Five Minute October: Write

Write.

I'm going to admit I've written this in advance.  I've taken this week off from blogging to celebrate my anniversary, but I wanted to participate, so I'm writing ahead a little.

Writing is something I've always loved. I may have hated the research part of a paper, but writing it was something that I never really minded.  Writing a blog seemed like a good outlet for me.  Sometimes, I find it as hard as those research papers. Do I have a topic to focus on? Do I have something to say? I sometimes feel like I'm just writing for the sake of writing, without a purpose.

I want to make writing a focus again.  Something I'm learning is that I don't have to work "in real time."  I'm hoping to clear out a backlog of stories that need writing down.  I have photos and stories I want to share, but just haven't gotten that far, or figured "They were so long ago, why bother?"

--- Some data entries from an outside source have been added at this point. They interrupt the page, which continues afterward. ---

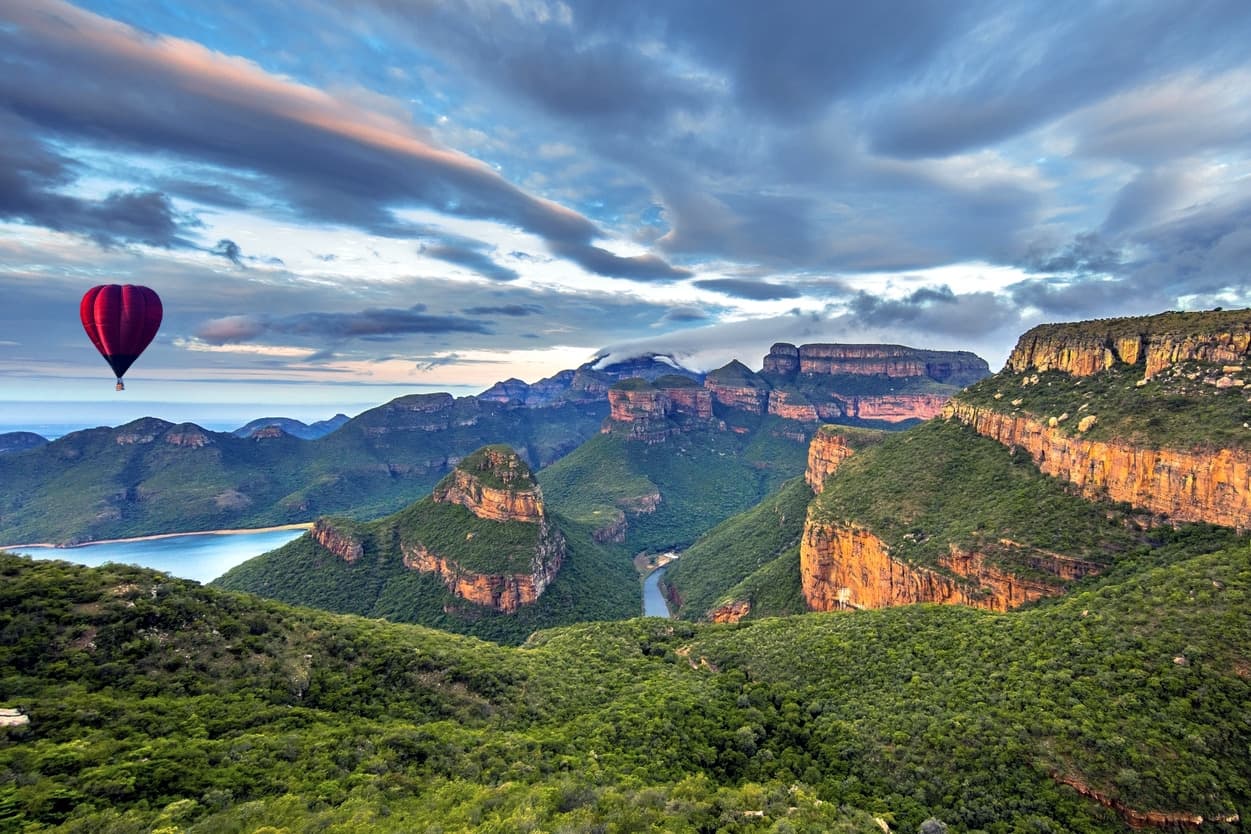 Vuelo panorámico en globo aerostático sobre el Blyde River Canyon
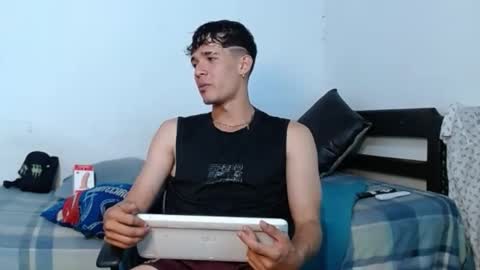 Snapshot of cristofer_hot98 chatting on February 2025 02:48:02 AM Cristofer online show from February 2025 02:48:02 AM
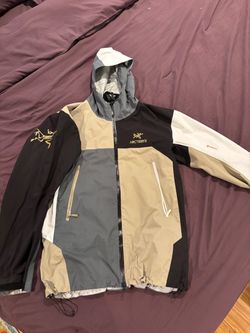 Arcteryx X Beams Windbreaker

Celia's violin teacher holds a contest each spring - who can practice the most days in a row.  To count as an "official" practice, it needs to be only five minutes, because the hardest part usually is just getting started.  Five minutes a day hasn't seemed so hard - often I find myself writing for fifteen or twenty once I get started.  I know that five minutes that turns into an hour isn't going to happen every day, but I think once this month is over, I'm going to set up a "just five minutes" for every other day and see what happens. Maybe I can clear out some of the backlog that's in my head!